Post#117 » by pepe1991 » Sat Jun 1, 2019 4:33 pm

MagicMatic wrote:
pepe1991 wrote:Magic Matic has linear way of thinking when it comes to NBA development.
In reality, in my opinion, NBA there is no linear development at all any more.


Please enlighten me Pepe. What is my linear way of thinking?

Being in the middle of the pack in the nba is only acceptable if you are being carried by, or relying upon, young players with tremendous upside. If not, the ceiling is too low and you are missing either draft talent or Free agency draw. AG and JI are solid players that can contribute. However, they haven’t proven to be “carrying” the the team for the first statement to hold water. Especially if Vuc and Ross were the primary options offensively this season in contract years. There hasn’t been a window for this team to start pushing their chips in, and that’s because we haven’t had the chips to do it.

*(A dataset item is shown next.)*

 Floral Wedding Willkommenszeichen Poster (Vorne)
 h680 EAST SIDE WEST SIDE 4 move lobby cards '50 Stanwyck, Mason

That’s not a linear way of thinking. In so many words it just means “don’t be a treadmill team”. That still opens up a lot of possibilities for development and team building. It’s not some revolutionary idea.



it is.

You said it lot of times ( and i can find it and qoute you ) that you are fine with return to lottery just to build in right way. That's linear way of thinking.

Every team is in middle of nowhere until it becomes good. And if anything, we learned that most teams had to mortgage future in order to contend.
In your mind, at least what i can figure from your posts, teams like Raptors, who were in ECF in 2016, than got swept TWICE in a row in 2017 and 2018 IN SECOND ROUD, are theadmill teams and they should have enter their rebuilding around 2017. Because, according to your logic, they were wasting time. Not too good to win it all. Not too bad to be in lottery. That's what you preach for a year now.
By same logic Spurs blew it , they should have blow whole roster up in 2013, after they failed to win it all.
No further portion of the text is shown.